Mind you, when you do meet them you may not recognise them. It seems that every girl in the 1980s had curly hair. After several episodes of failing to recognise female classmates I came to the conclusion that I was the only one in the class with natural curls.

Or maybe I'm the only one without a hair straightener. Who knows? In any case, the girls in the class now look better than ever, even without combat jackets and leg warmers.

The lads have spent less on their looks but as they are wearing large grins of delight at meeting up again, they don't look too bad either. In fact, everyone comments on how nobody has changed at all, until somebody produces photos. Then the extra few stone and the wrinkles become far more obvious.

It is true. The 20 year is the best. It does not take more than a few "Do you remember . . ." stories for the years to drop like magic off some stolid surgeon and the youth who made a show of himself at the med ball re-emerges, just as much fun and far more mellow.

Husbands, wives, partners and children meet and mingle. It is strange and a little spooky to see the children of old friends playing together, blissfully unaware of history.

Nobody gives a damn what you are doing. You could have reinvented yourself as a sheep farmer in Leitrim without raising an eyebrow on the most honour laden consultant in the room.

Or you could have won a Nobel prize. We're past all that. If anyone asks "Where are you now?" then they probably intend to visit you.

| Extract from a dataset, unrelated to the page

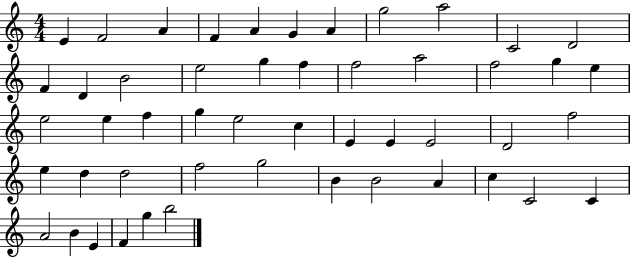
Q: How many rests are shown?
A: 0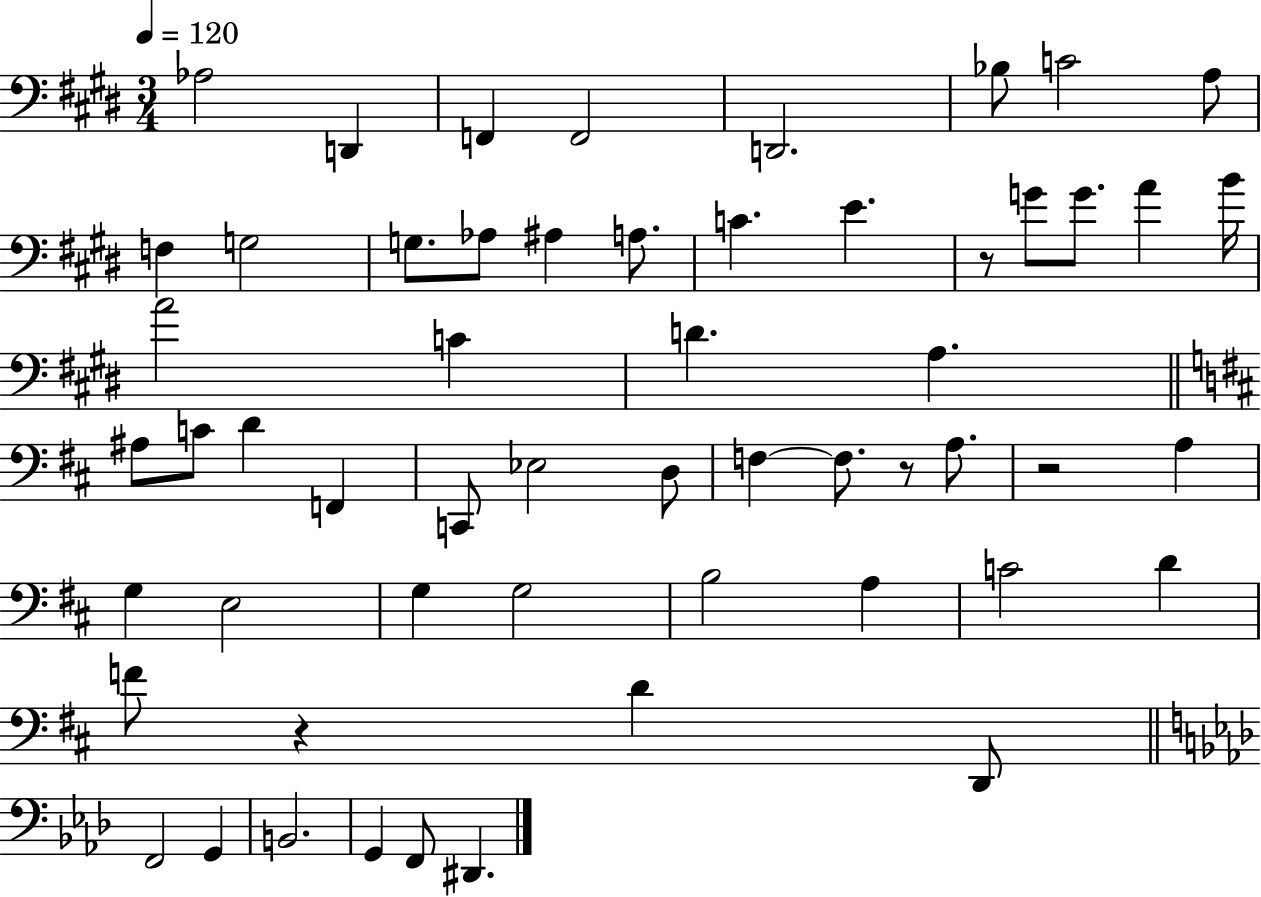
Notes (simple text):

Ab3/h D2/q F2/q F2/h D2/h. Bb3/e C4/h A3/e F3/q G3/h G3/e. Ab3/e A#3/q A3/e. C4/q. E4/q. R/e G4/e G4/e. A4/q B4/s A4/h C4/q D4/q. A3/q. A#3/e C4/e D4/q F2/q C2/e Eb3/h D3/e F3/q F3/e. R/e A3/e. R/h A3/q G3/q E3/h G3/q G3/h B3/h A3/q C4/h D4/q F4/e R/q D4/q D2/e F2/h G2/q B2/h. G2/q F2/e D#2/q.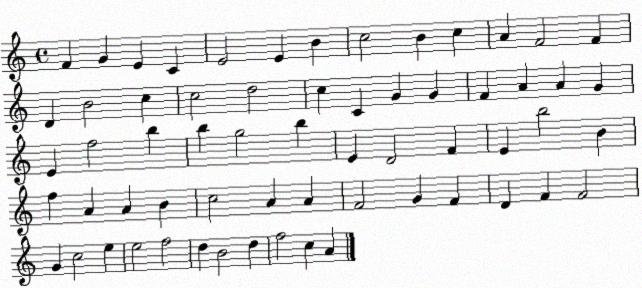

In the middle of all the stories, hugs, meals, speeches and music sessions (the lads with the guitars are woefully rusty, but that's understandable) comes the time for the group photograph.

The class gathers and the significant others step out of the picture. It is like being on a ship waving goodbye to the people on the shore. For the first time in a decade the class, who had spent six years being taught, examined, quantified and analysed are together again. They had started as school-kids and finished as doctors.

They had affairs, sessions, rows, fights and a lot of growing up in common, and once again they are together.

And as for the ones who couldn't make it, for reasons trivial or tragic, well, they are there too in some strange indefinable way.